The sample chosen for this study was trabecular bone fixed and embedded in polymethyl methylacryate (PMMA). A cube was extracted from the bulk and subsequently milled into a cylinder of diameter 1.2 mm and height 1.2 mm using a custom-made lathe system (Holler et al., 2020 ). The sample was measured at the cSAXS beamline of the Swiss Light Source (SLS) at the Paul Scherrer Institut (PSI), Switzerland. The X-ray energy was set to 12.4 keV using a Si(111) double-crystal monochromator, and the scattering patterns were recorded on a Pilatus 2M detector placed at a sample-to-detector distance of 2.17 m. A flight tube, approximately 2 m in length, was placed in between the sample and detector to reduce the air scattering. A 1.5 mm steel beamstop inside the flight tube blocked the directly transmitted beam. The fluorescence signal from the beamstop, proportional to the intensity of the impinging X-rays [I_T in equation (2), was measured by a Cyberstar (Oxford Danfysik). This allowed the relative X-ray transmission through the sample to be measured. The sample was measured with a beam that had a full width at half-maximum of 12 µm × 24 µm as measured by a knife-edge scan. The raster scan used a step size of 25 µm in both the vertical and horizontal directions, with continuous fly scanning in the vertical direction. The experimental setup is illustrated in Fig. 1(a). Two sets of small-angle X-ray scattering tensor tomography measurements were carried out, each consisting of 224 scanning SAXS images.
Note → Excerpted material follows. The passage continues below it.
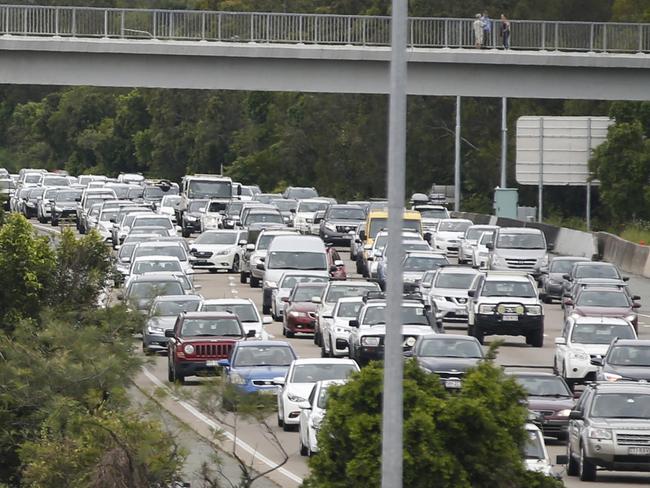 Slow moving traffic along the M1 near Oxenford, Gold Coast, Saturday, January 18, 2020. The M1 was closed for several hours in the morning due to flash flooding at Exit 57 after a severe thunder storm swept the Coast during the early hours of the day dumping 128mm of rain in an hour. (AAP Image/Regi Varghese)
The two sets of measurements are shown on the sphere of projection in Figs. 1(d) and 1(e), where each marker indicates the direction of the X-ray beam [given by p(α, β) in equation (4)] in the sample coordinate system.
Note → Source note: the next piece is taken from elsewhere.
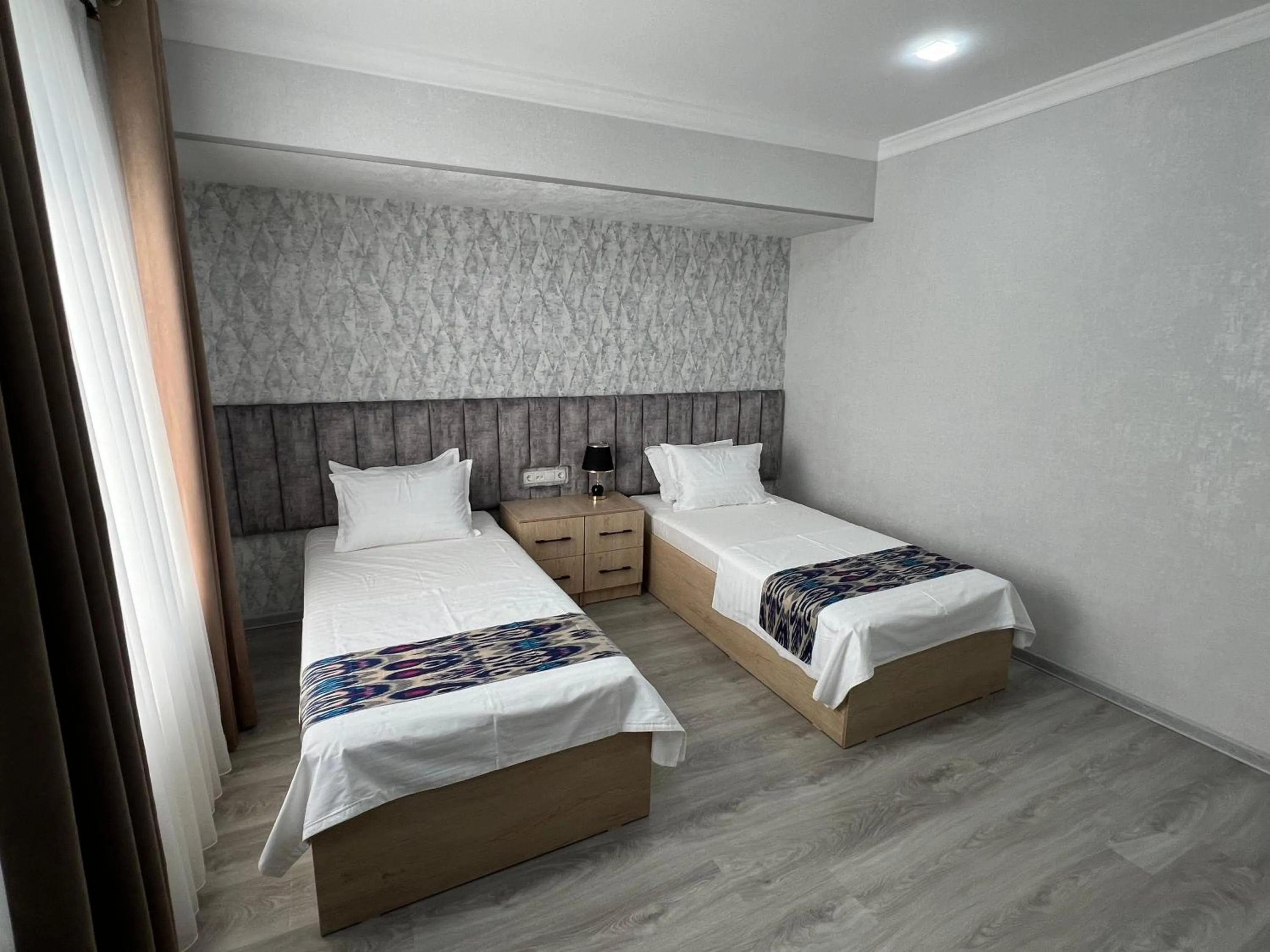 Bed in DSF GARDEN HOTEL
During the first set of SAXSTT measurements, the base of the cylinder sample was glued to the end of a PMMA needle, using a hot water-soluble glue (Norland Blocking Adhesive 107). Before the second SAXSTT experiment, the sample was glued with UV-glue (Norland Optical Adhesive 81) to a second pin, before detaching the first pin by placing the sample in hot water. The second pin was placed at approximately 90° to the first pin, measured around the axis of the initial direction of the beam, see Fig. 1. In total, 1716960 scattering images were measured. The measurement of the first data set took 1218 min, and the measurement of the second data set took 1364 min.
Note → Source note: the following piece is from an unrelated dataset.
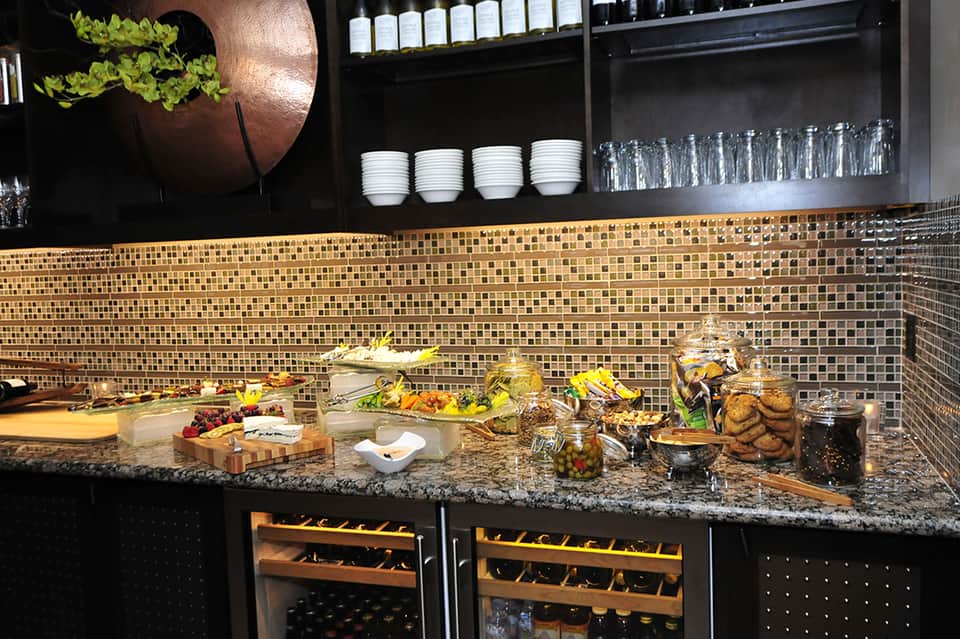Upscale food and beverage display with fresh produce, wine coolers, and elegant plated items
Figs. 4(a)–4(c) show the directions of measurement on the unit hemisphere of projection while Figs. 4(d)–4(f) show the quality factor F defined by equation (6) on the reciprocal space hemisphere. Note that Friedel symmetry is accounted for in the hemispheric representation. The reciprocal space quality factors follow the expected symmetry, where measurements along the entirety of a great semicircle result in a quality factor of 1 at the point orthogonal to this semicircle. The lowest obtained quality factor is 0.5, since the lowest possible coverage (for data set 1) of a great semicircle occurs when the semicircle lies at a single longitude and varies only in latitude. Such a semicircle is still covered by measurements at a fixed longitude, the latitude (tilt, for data set 1) of which span the range [−45°, 45°] — thus, in the worst-case scenario, half of the semicircle's total arc length of 180° is covered.

Figure 4
Points on the hemisphere of projection and theoretical quality factors. (a) Probed points on the sphere of projection in first measurement. (b) Probed points in second measurement. (c) Combined points from both measurements. (d) Quality factor in reciprocal space from first data set. (e) Quality factor from second data set. (f) Quality factor from combined data sets. The dotted lines show great circles at longitudes 0°, ±30° and ±60° with the y-axis as the meridian. The dashed lines show small circles with elevations of 0°, ±30° and ±60° with the x-axis as the equator.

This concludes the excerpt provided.